To fully understand the requirement to resolve the ambiguity by the Linux kernel the following information may be helpful:
The MAC addresses of all interfaces of a veth peer device are identical.
The result of the “ip a” comand for a veth peer device with three sub-interfaces typically would look like this:
netnsx:~ # ip a 1: lo: <LOOPBACK,UP,LOWER_UP> mtu 65536 qdisc noqueue state UNKNOWN group default qlen 1000 link/loopback 00:00:00:00:00:00 brd 00:00:00:00:00:00 inet 127.0.0.1/8 scope host lo valid_lft forever preferred_lft forever 2: vethx@if2: <BROADCAST,MULTICAST,UP,LOWER_UP> mtu 1500 qdisc noqueue state UP group default qlen 1000 link/ether 8e:79:71:5e:92:a3 brd ff:ff:ff:ff:ff:ff link-netnsid 0 inet 192.168.5.1/24 brd 192.168.5.255 scope global veth1 valid_lft forever preferred_lft forever 3: vethx.30@vethx: <BROADCAST,MULTICAST,UP,LOWER_UP> mtu 1500 qdisc noqueue state UP group default qlen 1000 link/ether 8e:79:71:5e:92:a3 brd ff:ff:ff:ff:ff:ff 4: vethx.40@vethx: <BROADCAST,MULTICAST,UP,LOWER_UP> mtu 1500 qdisc noqueue state UP group default qlen 1000 link/ether 8e:79:71:5e:92:a3 brd ff:ff:ff:ff:ff:ff 5: vethx.50@vethx: <BROADCAST,MULTICAST> mtu 1500 qdisc noop state DOWN group default qlen 1000 link/ether 8e:79:71:5e:92:a3 brd ff:ff:ff:ff:ff:ff netnsx:~ #
A veth-endpoint should therefore really be regarded as one unit with multiple interfaces [IFs] (including the trunk interface).
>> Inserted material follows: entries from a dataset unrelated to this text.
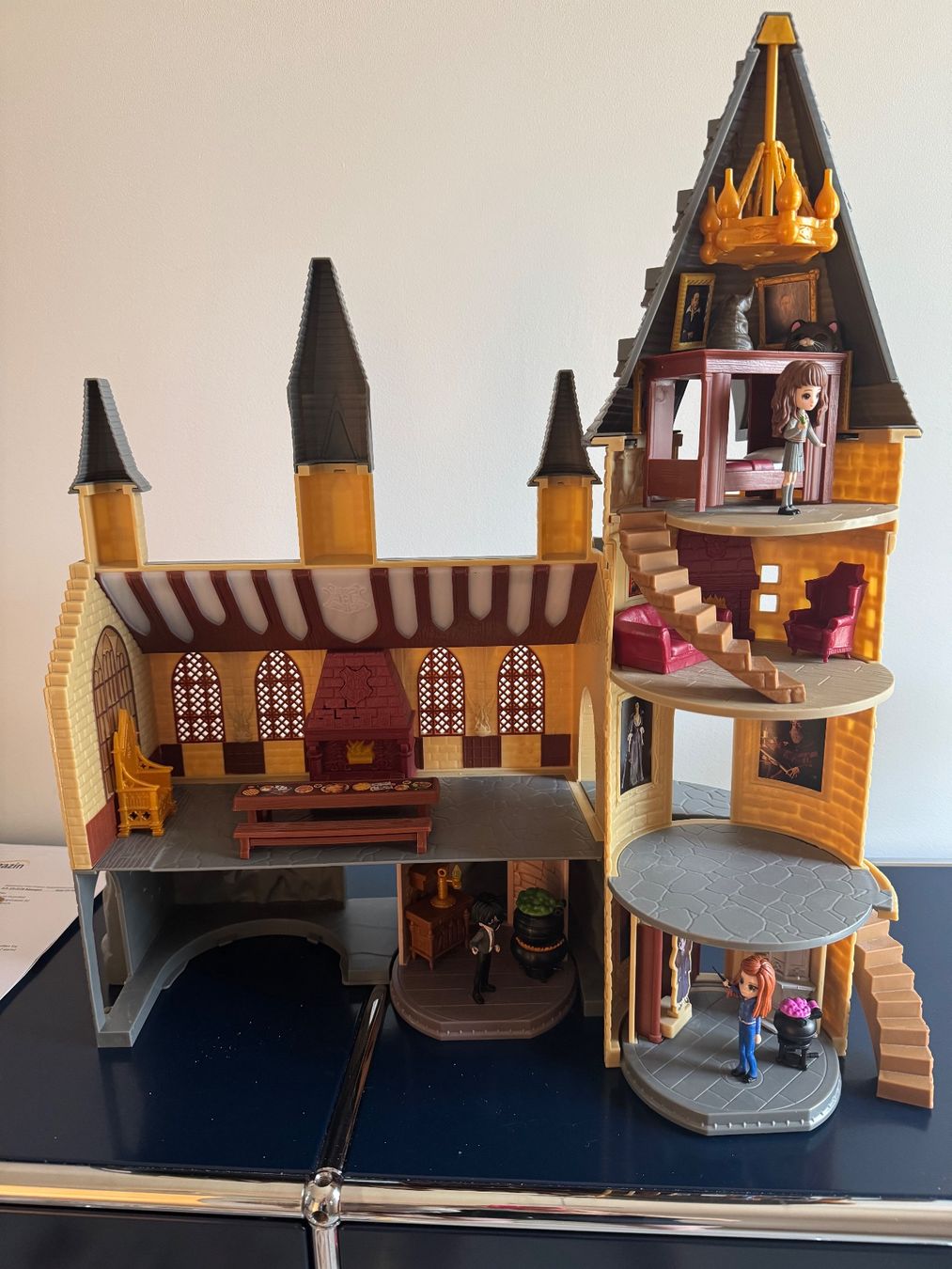 Giocattoli: Spin Master Hogwarts Schloss plus Harry Potter/Ginny Weasley – Nuovo (secondo la descrizione) da Zürich venduto da Snow2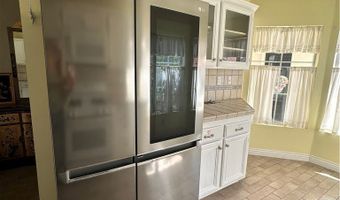 11548 Oak St, Apple Valley, CA 92308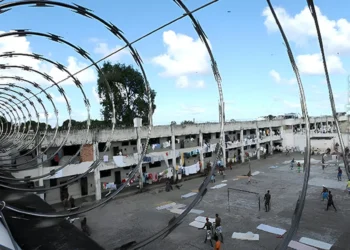 detenção, encarceramento, reclusão;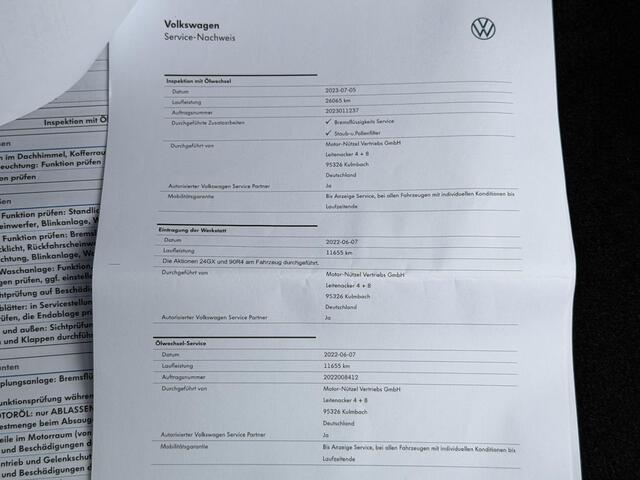 Volkswagen UP! 1.0 Handgeschakeld / Dealer Onderhouden / Stoelverwarming / Multimedia Bluetooth / Airco / Centrale deurvergrendeling / Elektr. Ramen / Rijstrooksensor /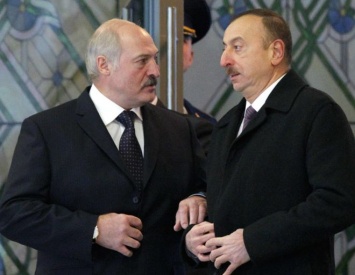 Помирить Путина с Эрдоганом или не пострадать самим? Лукашенко и Алиев встретились в Минске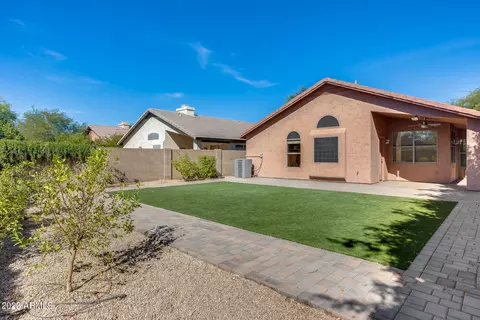 4423 E Melinda Ln, Phoenix, AZ 85050 photo 4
The result of the ip-command above shows that the Linux kernel numbers the interfaces. While a IP/MAC/IF – combination is unique, a IP/MAC-combination in our configuration is not!
This underlines the necessity of giving the Linux kernel clear information about which interface to use in a communication with some network destination – including routers.